All is not lost though. Even when using the so-called "vanilla" Condor universe on Windows, it is still possible to make use of checkpointing provided that users include their own checkpointing code in their applications (clearly, this limits its use to applications where the source code is available and can be modified relatively easily). A couple of examples are presented here using MATLAB code which may be used as templates for other applications. The reason for choosing MATLAB is that saving and loading data using MATLAB's MAT-format files is extremely simple. This means that checkpointing can be implemented relatively easily. For C or FORTRAN codes (for example), more coding effort is needed and users are advised to read up carefully on the file I/O functions provided by these languages.
A simple example - the Fibonnaci Sequence generator
To begin with consider, the example of a program which generates a Fibonacci sequence of numbers [x(0),x(1), ... x(n)] , defined by the recursive equation:
x(n) = x(n-1) + x(n-2) for integer x, n > 1 and x(0) = 0, x(1) = 1The ratio between two successive terms in the sequence:
r = x(n) / x(n-1)asymptotically approaches a limit known as the golden ratio for large n.
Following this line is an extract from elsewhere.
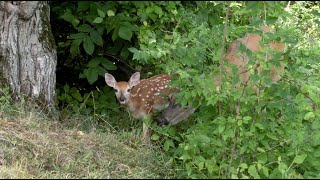 fawn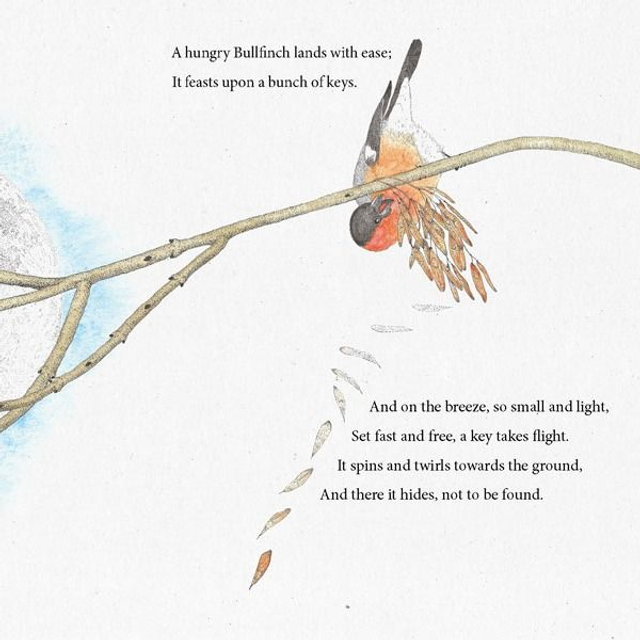 Book: The Tree That Held The Moon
Although this is an extremely simple example, the use of recursion and iteration is central to many algorithms and can be applied to diverse problems in the fields of science, engineering and other disciplines.
A suitable MATLAB M-file function (fib.m) is:
1: function fib 2: max_terms = 10; 3: if exist( 'output.mat' ) 4: load 'output.mat'; 5: fprintf( 'restarting after eviction\n' ); 6: else 7: no_of_terms = 2; 8: x(1)= 0; 9: x(2)= 1; 10: end 11: while( no_of_terms < max_terms ) 12: x( no_of_terms + 1 ) = x( no_of_terms ) + x( no_of_terms - 1 ); 13: ratio = x( no_of_terms + 1 ) / x( no_of_terms ); 14: no_of_terms = no_of_terms + 1; 15: fprintf( 'latest approximation of ratio after %d terms = %fl\n', no_of_terms, ratio ); 16: save 'output.mat'; 17: pause( 10 ); 18: end(The line numbers are for reference only and should not be included in the actual code.)
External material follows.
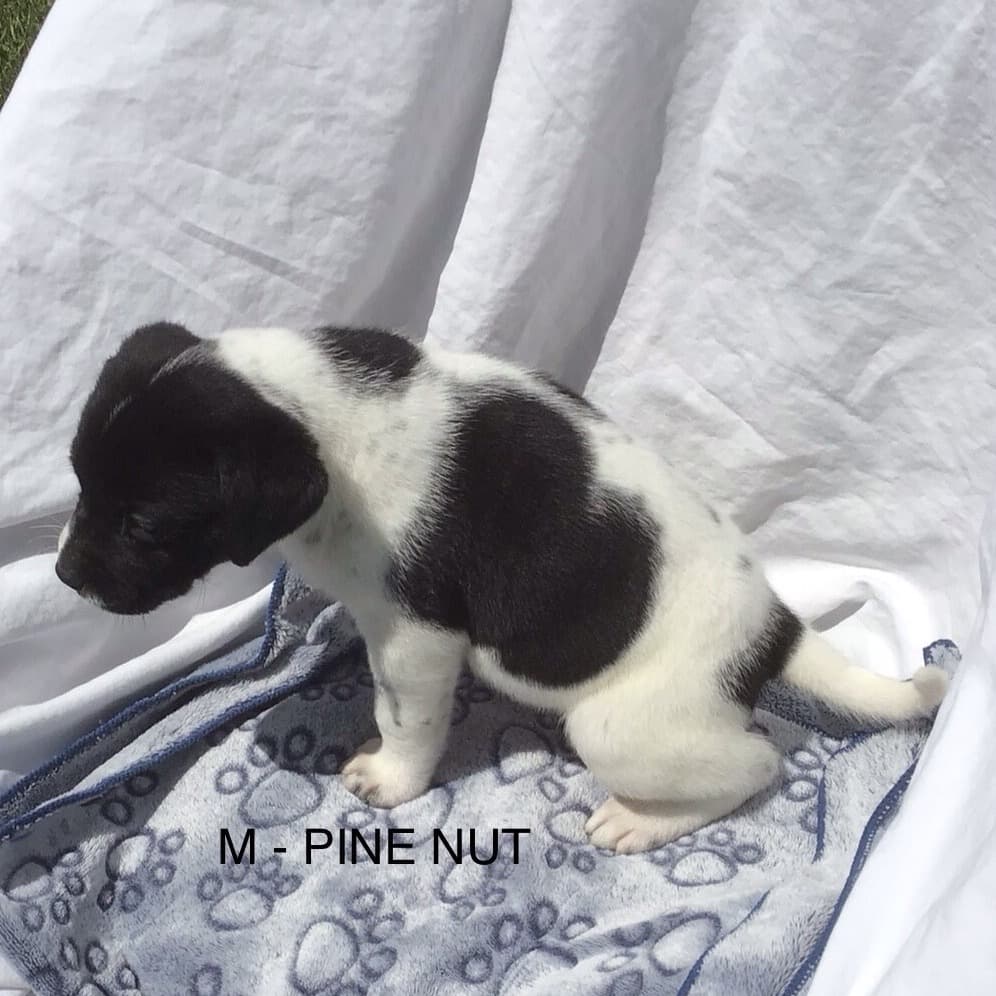 Pinenut - Mixed Breed available for adoption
Initially the output file, output.mat, is absent and the first two terms are initialised in lines 8 and 9 as well as the term count in line 7. The recursion is implemented in the loop in lines 11-18 with new terms calculated (and stored as an array) in line 12. The golden ratio is calculated in line 13. On first encountering this code, the loop looks very much like it would be more suited to a for construction rather than a while construction. The choice of while should become clear shortly.
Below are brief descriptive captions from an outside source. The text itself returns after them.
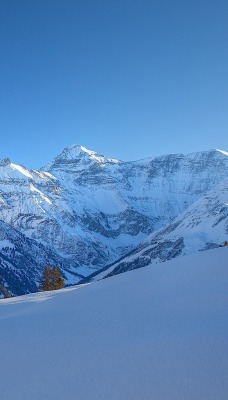 снег горы вершины snow mountains the top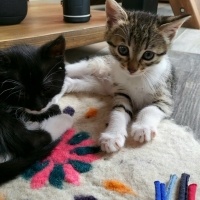 Tekir Kedi, Kedi  Pixie fotoğrafı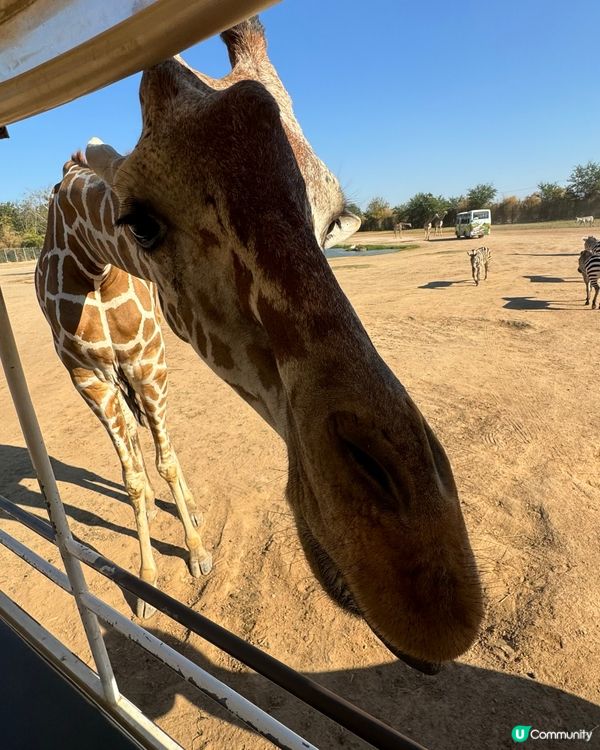 最親近嘅動物園🦒🐑🦓🐅🐆🐇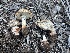  (Amanita cruentilemurum - FDS-CA-00203)  @11 [ ] by-nc (2024) Dean Lyons Fungal Diversity Survey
In line 16, all of the current program state is saved to the file output.mat; this being the checkpoint file from which the program may be restarted. On a multi-GHz processor, the time taken for the program to run is on the microsecond scale and so a delay (arbitrarily set at 10 s) is introduced in line 17 so that the operation may be followed by somewhat slower humans.
If the program is interrupted while running and started again, the checkpoint file will be loaded in line 4 restoring all of the program's workspace. As well as loading the Fibonacci sequence array, the loop index is also restored so that the loop starting at line 11 starts from where it left off rather than the beginning again. This is the reason for using a while loop rather than a for loop.
It is probably worth trying this example to convince yourself that it does infact work properly. The program can be run, then interrupted (use Ctrl+C) and run again whence it should pick up execution from where it left off. To run the program on the Condor pool, a standalone executable will first needs to be built using e.g.
$ matlab_build fib.mA simplified job description file such as the one below can be used for submitting the standalone executable:
executable=fib.exe stdout = fib.out stderr = fib.err checkpoint_files = output.mat log = fib.log(Note that the checkpoint files must be specified otherwise no output files will be returned to the Condor server).
This would be submitted using:
$ matlab_submit fibIn this case, the program is unlikely to be evicted before it completes however, the chances of this can be improved by increasing the delay in line 17. Alternatively, the job can be forcibly evicted using the command
$ condor_vacate_job <jobID>(Condor, confusingly, seems to use the terms "vacate" and "evict" interchangeably).
You should be able to see from the standard output file, fib.out, that execution picks up from where it left off after an eviction.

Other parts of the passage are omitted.